** Entries provided follows **

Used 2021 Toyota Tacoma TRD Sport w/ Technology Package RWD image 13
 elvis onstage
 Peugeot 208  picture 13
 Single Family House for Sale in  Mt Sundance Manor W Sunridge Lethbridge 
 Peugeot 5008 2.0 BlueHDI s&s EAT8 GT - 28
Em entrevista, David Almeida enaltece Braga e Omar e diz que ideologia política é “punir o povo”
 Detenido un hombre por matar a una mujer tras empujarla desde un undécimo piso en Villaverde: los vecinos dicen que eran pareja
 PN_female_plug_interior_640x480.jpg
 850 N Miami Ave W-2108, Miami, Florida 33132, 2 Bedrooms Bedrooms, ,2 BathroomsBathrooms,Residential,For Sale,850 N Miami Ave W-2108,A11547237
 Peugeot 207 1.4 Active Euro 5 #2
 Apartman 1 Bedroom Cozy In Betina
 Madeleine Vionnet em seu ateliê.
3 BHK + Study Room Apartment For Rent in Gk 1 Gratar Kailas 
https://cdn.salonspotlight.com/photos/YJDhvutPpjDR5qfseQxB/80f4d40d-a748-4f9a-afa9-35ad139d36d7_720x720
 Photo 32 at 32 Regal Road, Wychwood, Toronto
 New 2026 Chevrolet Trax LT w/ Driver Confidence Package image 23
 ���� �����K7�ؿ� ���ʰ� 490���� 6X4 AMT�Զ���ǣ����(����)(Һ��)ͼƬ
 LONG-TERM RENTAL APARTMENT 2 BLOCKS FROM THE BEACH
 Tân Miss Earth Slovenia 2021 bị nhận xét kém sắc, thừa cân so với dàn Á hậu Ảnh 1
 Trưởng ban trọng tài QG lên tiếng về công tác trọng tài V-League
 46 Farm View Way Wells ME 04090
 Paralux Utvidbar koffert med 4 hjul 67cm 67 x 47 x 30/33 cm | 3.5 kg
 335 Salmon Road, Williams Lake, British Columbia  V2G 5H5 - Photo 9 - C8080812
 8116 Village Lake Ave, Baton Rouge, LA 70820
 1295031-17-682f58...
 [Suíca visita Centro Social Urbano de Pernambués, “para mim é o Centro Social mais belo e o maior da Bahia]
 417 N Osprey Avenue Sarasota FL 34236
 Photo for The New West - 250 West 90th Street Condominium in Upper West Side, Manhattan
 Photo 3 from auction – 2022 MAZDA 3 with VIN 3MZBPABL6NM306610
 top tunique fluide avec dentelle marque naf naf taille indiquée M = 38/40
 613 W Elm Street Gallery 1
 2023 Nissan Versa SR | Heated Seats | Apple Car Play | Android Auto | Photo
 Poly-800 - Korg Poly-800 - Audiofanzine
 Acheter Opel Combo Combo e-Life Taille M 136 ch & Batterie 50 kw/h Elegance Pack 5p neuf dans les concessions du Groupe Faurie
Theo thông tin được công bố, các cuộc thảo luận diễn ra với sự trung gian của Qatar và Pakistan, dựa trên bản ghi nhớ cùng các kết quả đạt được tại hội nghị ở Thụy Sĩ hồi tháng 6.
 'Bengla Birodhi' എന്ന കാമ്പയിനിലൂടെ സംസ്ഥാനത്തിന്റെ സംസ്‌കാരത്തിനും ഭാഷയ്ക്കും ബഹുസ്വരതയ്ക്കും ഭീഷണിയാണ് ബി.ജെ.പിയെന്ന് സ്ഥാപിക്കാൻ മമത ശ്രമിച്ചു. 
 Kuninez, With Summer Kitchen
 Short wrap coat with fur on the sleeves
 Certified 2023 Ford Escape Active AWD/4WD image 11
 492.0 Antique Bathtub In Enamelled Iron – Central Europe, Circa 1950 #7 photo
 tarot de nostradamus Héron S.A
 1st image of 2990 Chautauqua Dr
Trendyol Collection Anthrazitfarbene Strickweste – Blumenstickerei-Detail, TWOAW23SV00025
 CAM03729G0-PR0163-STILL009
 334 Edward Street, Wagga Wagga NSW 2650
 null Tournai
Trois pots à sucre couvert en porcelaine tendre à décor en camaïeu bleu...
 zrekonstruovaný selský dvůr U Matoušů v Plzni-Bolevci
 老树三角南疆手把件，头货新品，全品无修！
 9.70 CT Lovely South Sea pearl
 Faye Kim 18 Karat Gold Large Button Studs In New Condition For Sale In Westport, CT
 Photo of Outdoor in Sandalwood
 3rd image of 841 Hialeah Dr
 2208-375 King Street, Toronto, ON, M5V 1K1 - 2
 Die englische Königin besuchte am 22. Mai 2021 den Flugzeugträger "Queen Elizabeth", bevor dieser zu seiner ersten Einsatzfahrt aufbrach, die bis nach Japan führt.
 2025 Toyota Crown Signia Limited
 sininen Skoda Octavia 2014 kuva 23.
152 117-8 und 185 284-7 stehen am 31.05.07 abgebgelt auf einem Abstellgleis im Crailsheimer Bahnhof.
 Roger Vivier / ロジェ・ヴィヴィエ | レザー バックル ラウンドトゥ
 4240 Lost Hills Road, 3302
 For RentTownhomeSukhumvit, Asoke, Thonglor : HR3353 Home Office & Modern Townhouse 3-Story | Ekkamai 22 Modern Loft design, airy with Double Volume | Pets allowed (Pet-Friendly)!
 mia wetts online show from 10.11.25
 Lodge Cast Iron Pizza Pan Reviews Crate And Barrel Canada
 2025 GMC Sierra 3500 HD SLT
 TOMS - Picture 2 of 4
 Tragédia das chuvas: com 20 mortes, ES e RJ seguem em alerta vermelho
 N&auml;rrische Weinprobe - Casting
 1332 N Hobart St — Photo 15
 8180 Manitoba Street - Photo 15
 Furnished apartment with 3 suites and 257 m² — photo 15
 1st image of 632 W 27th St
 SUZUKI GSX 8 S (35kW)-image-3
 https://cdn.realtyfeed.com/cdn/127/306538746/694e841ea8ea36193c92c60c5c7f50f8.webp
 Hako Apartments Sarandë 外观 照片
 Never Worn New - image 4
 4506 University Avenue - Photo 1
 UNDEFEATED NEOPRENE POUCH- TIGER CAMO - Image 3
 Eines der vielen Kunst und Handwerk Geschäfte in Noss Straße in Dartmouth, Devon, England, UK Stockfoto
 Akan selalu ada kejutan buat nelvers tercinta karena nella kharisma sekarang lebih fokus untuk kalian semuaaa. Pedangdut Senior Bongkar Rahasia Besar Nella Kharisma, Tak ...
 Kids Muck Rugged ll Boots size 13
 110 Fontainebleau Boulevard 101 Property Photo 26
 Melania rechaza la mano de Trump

** End of Entries provided **

◆ **Exercise objective**:
Only certain lines are wanted. Please return exactly those from the top of the data through the line with "Peugeot 5008 2.0 BlueHDI s&s EAT8 GT - 28".

◆ **Solution for this exercise**:
Used 2021 Toyota Tacoma TRD Sport w/ Technology Package RWD image 13
 elvis onstage
 Peugeot 208  picture 13
 Single Family House for Sale in  Mt Sundance Manor W Sunridge Lethbridge 
 Peugeot 5008 2.0 BlueHDI s&s EAT8 GT - 28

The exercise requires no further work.